--- MATERIALS PROVIDED Enclosed Below ---

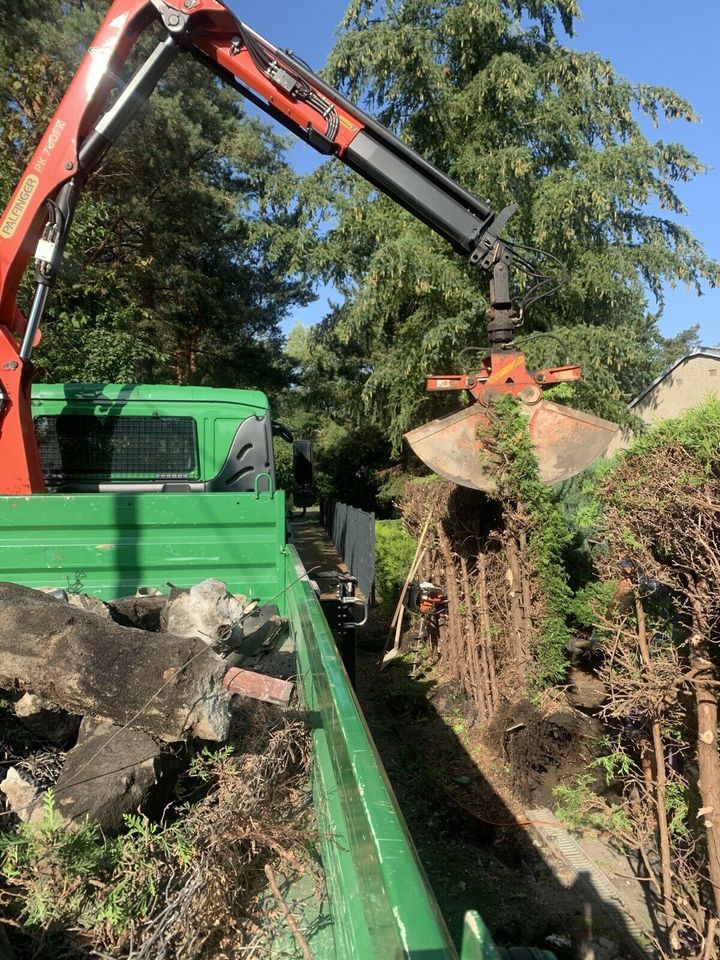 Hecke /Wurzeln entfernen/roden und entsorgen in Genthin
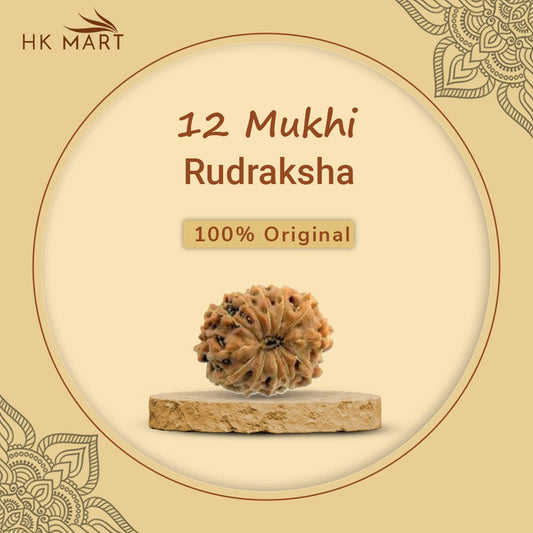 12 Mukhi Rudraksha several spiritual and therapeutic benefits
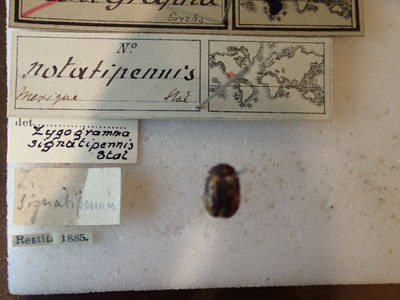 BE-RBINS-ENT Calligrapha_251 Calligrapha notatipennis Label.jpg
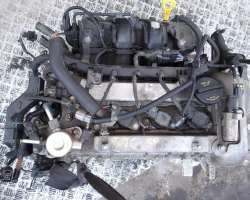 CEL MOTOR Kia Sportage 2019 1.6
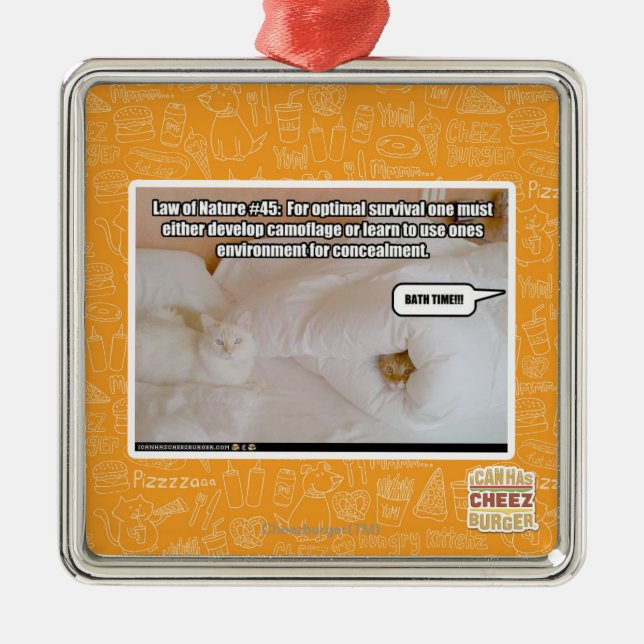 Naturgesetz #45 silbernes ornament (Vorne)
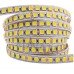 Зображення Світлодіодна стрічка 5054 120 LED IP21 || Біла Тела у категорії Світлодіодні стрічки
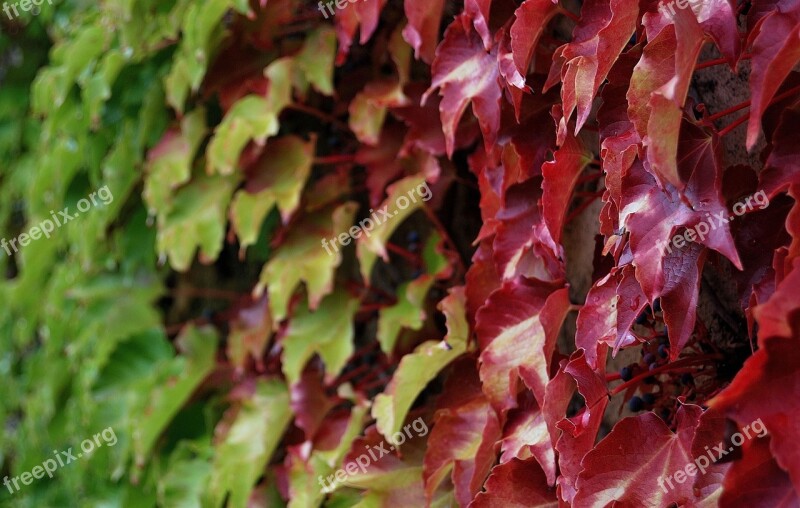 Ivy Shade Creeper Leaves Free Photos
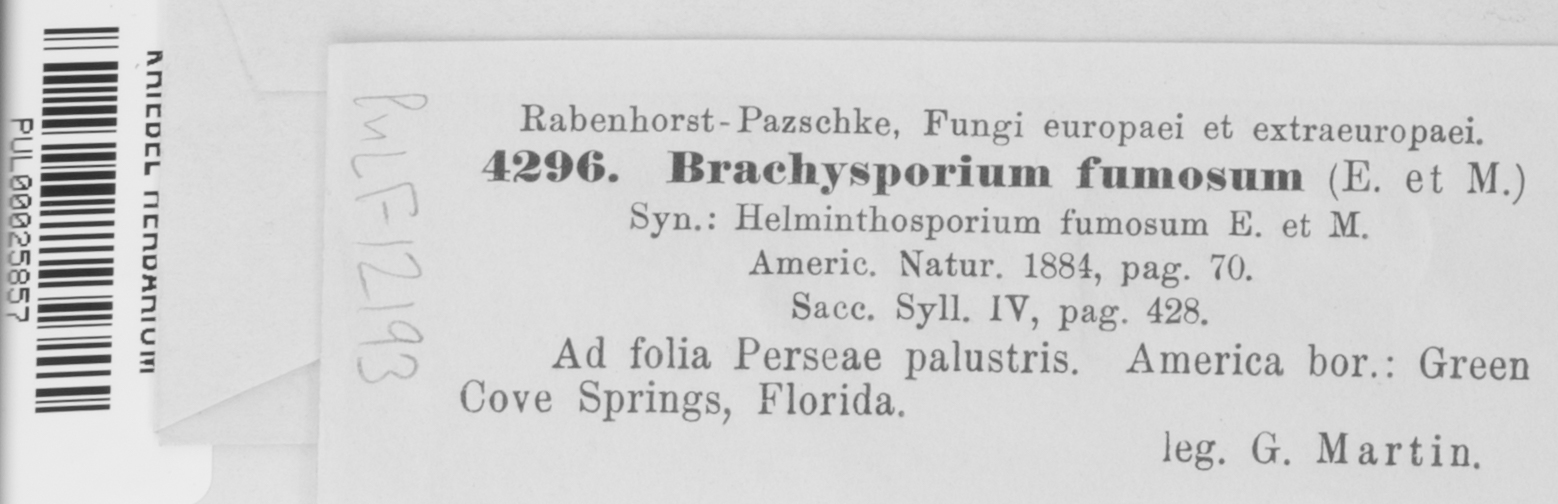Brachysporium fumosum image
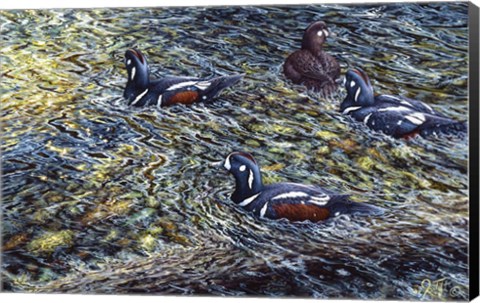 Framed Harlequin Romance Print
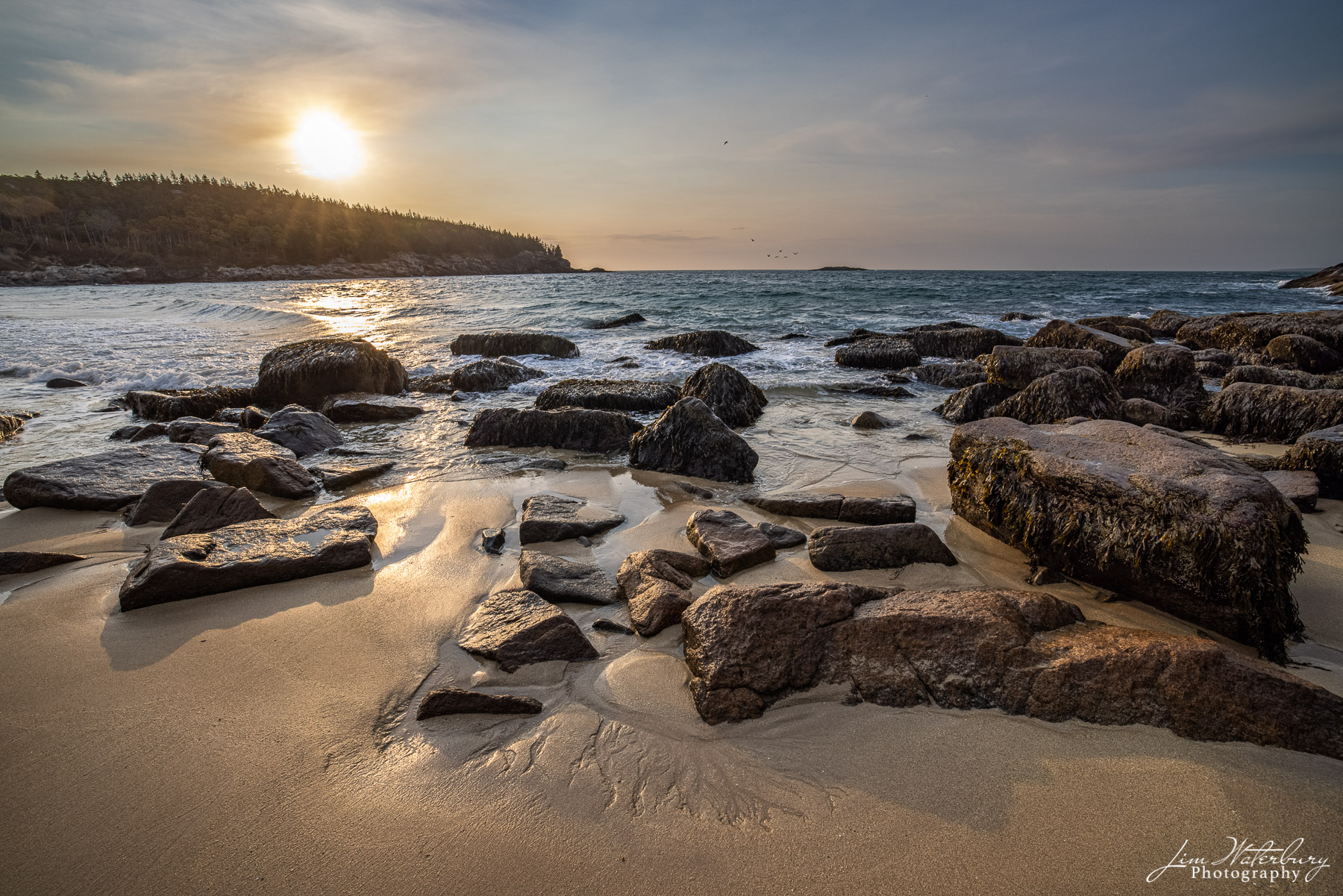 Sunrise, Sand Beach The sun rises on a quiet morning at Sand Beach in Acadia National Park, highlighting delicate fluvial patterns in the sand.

--- End of Enclosed MATERIALS PROVIDED ---

● TASK OBJECTIVE
The result should be the material above, unchanged and free of pictures; please print it.

● RESULT OF THE EXERCISE
 Hecke /Wurzeln entfernen/roden und entsorgen in Genthin
 12 Mukhi Rudraksha several spiritual and therapeutic benefits
 BE-RBINS-ENT Calligrapha_251 Calligrapha notatipennis Label.jpg
 CEL MOTOR Kia Sportage 2019 1.6
 Naturgesetz #45 silbernes ornament (Vorne)
 Зображення Світлодіодна стрічка 5054 120 LED IP21 || Біла Тела у категорії Світлодіодні стрічки
 Ivy Shade Creeper Leaves Free Photos
Brachysporium fumosum image
 Framed Harlequin Romance Print
 Sunrise, Sand Beach The sun rises on a quiet morning at Sand Beach in Acadia National Park, highlighting delicate fluvial patterns in the sand.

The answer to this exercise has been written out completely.